- **About this task**
Only an exact copy of the entries will serve as the answer.

(Caption-style text data)
____
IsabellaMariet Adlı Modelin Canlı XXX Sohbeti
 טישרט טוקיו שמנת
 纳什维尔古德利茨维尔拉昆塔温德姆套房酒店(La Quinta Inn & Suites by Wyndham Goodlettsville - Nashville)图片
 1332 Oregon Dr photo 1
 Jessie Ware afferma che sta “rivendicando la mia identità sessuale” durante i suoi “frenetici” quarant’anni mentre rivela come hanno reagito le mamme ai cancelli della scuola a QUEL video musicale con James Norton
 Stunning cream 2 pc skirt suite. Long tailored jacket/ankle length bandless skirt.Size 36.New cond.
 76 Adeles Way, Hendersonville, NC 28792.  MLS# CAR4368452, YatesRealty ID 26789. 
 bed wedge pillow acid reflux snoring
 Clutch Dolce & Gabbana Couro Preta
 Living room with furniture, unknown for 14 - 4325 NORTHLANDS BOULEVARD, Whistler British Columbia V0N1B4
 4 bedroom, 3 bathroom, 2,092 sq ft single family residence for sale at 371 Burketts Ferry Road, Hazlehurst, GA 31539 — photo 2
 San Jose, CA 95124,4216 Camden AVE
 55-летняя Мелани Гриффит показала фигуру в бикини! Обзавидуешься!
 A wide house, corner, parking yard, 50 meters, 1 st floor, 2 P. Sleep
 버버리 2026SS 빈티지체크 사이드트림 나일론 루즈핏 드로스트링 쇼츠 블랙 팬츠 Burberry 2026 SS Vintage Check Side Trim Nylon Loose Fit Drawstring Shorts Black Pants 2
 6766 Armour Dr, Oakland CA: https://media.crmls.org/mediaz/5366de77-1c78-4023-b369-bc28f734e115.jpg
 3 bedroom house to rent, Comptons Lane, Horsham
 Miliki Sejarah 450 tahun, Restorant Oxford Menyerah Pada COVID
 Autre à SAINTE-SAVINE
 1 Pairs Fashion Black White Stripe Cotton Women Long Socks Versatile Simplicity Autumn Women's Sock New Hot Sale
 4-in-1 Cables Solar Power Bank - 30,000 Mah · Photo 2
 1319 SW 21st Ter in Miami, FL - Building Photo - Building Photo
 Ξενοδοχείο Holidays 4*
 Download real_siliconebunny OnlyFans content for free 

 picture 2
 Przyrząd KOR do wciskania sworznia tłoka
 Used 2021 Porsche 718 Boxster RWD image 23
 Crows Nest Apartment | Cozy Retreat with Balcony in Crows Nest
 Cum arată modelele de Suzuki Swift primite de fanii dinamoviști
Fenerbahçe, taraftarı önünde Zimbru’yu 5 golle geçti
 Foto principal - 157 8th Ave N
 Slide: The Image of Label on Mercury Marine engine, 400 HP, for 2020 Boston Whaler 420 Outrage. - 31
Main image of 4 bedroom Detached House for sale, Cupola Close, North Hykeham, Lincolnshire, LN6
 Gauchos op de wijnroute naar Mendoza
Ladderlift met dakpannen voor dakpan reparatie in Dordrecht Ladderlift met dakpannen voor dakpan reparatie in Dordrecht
____
- **Output below**
IsabellaMariet Adlı Modelin Canlı XXX Sohbeti
 טישרט טוקיו שמנת
 纳什维尔古德利茨维尔拉昆塔温德姆套房酒店(La Quinta Inn & Suites by Wyndham Goodlettsville - Nashville)图片
 1332 Oregon Dr photo 1
 Jessie Ware afferma che sta “rivendicando la mia identità sessuale” durante i suoi “frenetici” quarant’anni mentre rivela come hanno reagito le mamme ai cancelli della scuola a QUEL video musicale con James Norton
 Stunning cream 2 pc skirt suite. Long tailored jacket/ankle length bandless skirt.Size 36.New cond.
 76 Adeles Way, Hendersonville, NC 28792.  MLS# CAR4368452, YatesRealty ID 26789. 
 bed wedge pillow acid reflux snoring
 Clutch Dolce & Gabbana Couro Preta
 Living room with furniture, unknown for 14 - 4325 NORTHLANDS BOULEVARD, Whistler British Columbia V0N1B4
 4 bedroom, 3 bathroom, 2,092 sq ft single family residence for sale at 371 Burketts Ferry Road, Hazlehurst, GA 31539 — photo 2
 San Jose, CA 95124,4216 Camden AVE
 55-летняя Мелани Гриффит показала фигуру в бикини! Обзавидуешься!
 A wide house, corner, parking yard, 50 meters, 1 st floor, 2 P. Sleep
 버버리 2026SS 빈티지체크 사이드트림 나일론 루즈핏 드로스트링 쇼츠 블랙 팬츠 Burberry 2026 SS Vintage Check Side Trim Nylon Loose Fit Drawstring Shorts Black Pants 2
 6766 Armour Dr, Oakland CA: https://media.crmls.org/mediaz/5366de77-1c78-4023-b369-bc28f734e115.jpg
 3 bedroom house to rent, Comptons Lane, Horsham
 Miliki Sejarah 450 tahun, Restorant Oxford Menyerah Pada COVID
 Autre à SAINTE-SAVINE
 1 Pairs Fashion Black White Stripe Cotton Women Long Socks Versatile Simplicity Autumn Women's Sock New Hot Sale
 4-in-1 Cables Solar Power Bank - 30,000 Mah · Photo 2
 1319 SW 21st Ter in Miami, FL - Building Photo - Building Photo
 Ξενοδοχείο Holidays 4*
 Download real_siliconebunny OnlyFans content for free 

 picture 2
 Przyrząd KOR do wciskania sworznia tłoka
 Used 2021 Porsche 718 Boxster RWD image 23
 Crows Nest Apartment | Cozy Retreat with Balcony in Crows Nest
 Cum arată modelele de Suzuki Swift primite de fanii dinamoviști
Fenerbahçe, taraftarı önünde Zimbru’yu 5 golle geçti
 Foto principal - 157 8th Ave N
 Slide: The Image of Label on Mercury Marine engine, 400 HP, for 2020 Boston Whaler 420 Outrage. - 31
Main image of 4 bedroom Detached House for sale, Cupola Close, North Hykeham, Lincolnshire, LN6
 Gauchos op de wijnroute naar Mendoza
Ladderlift met dakpannen voor dakpan reparatie in Dordrecht Ladderlift met dakpannen voor dakpan reparatie in Dordrecht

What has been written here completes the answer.